Study suggests forests may store less carbon than expected

Climate plans that depend on forests to offset emissions may be counting on more carbon storage than trees can reliably deliver. A new study of oak forests found that carbon uptake and wood growth often decoupled, meaning trees kept absorbing carbon after their seasonal growth had already stopped.

The research, published in Science Advances, examined oak trees at 137 sites across the eastern United States and California using satellite imagery, hour-by-hour canopy carbon dioxide measurements, trunk sensors that tracked minute-by-minute changes in tree size, and tree-ring records dating back to 1950. In the eastern United States, oak growth generally ran from May through July, but photosynthesis continued into October, and about 36% of annual carbon absorbed through photosynthesis happened after growth had ended. In California, oak growth typically lasted from December through April and then ended by August, even as photosynthesis continued, with about 26% of annual carbon uptake occurring after growth ceased.

Lead author Mukund Palat Rao, an ecoclimatologist at Lamont-Doherty Earth Observatory at Columbia Climate School, said: “Right now, most models assume that if you have photosynthesis, you have growth. We find that’s not the case.”

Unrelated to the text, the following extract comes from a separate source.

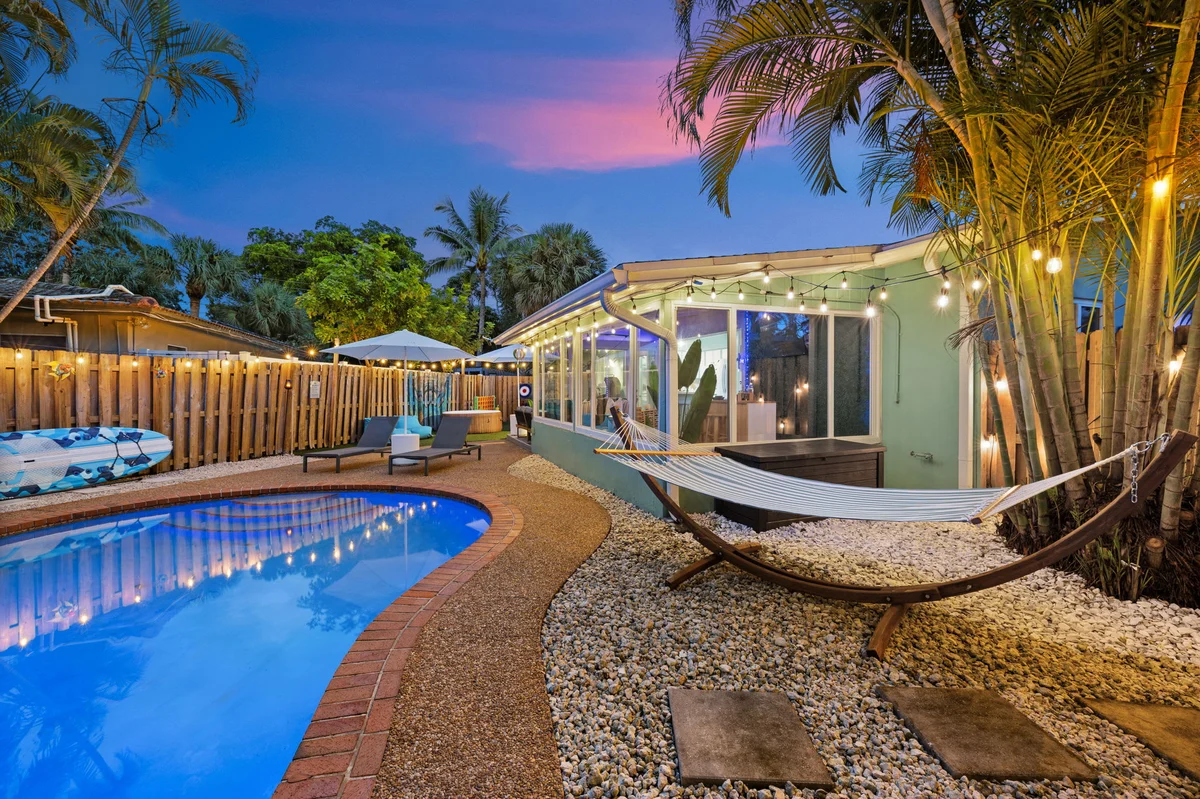 Wander Wilton Manors Oaks #47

That gap matters because the long-term climate value of forests depends on carbon being converted into new wood, where it can stay stored for decades, centuries or longer. The study found that some of the carbon trees absorbed likely went into leaves, fruits, short-lived metabolic activity or compounds released into the soil instead of durable wood. The result is a warning for policymakers and carbon-accounting systems that treat forest preservation and tree growth as a straightforward ledger of climate progress.

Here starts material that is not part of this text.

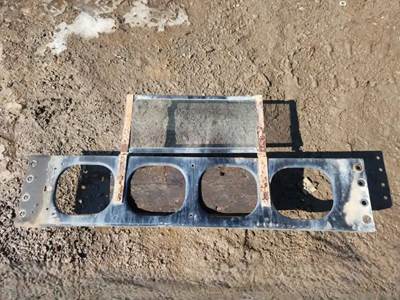 Volvo VED12 Engine Part for a 2005 Volvo VNL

The findings also sharpen a broader concern already raised by other research: warming can shorten the time carbon remains locked away in trees. A University of Cambridge study found that faster growth in warmer conditions can be offset by earlier death, reducing carbon residence time. Together, the two lines of evidence suggest a harder truth for climate planning: even where forests keep drawing carbon from the air, heat and aridity may prevent that carbon from accumulating in wood for as long as many models assume.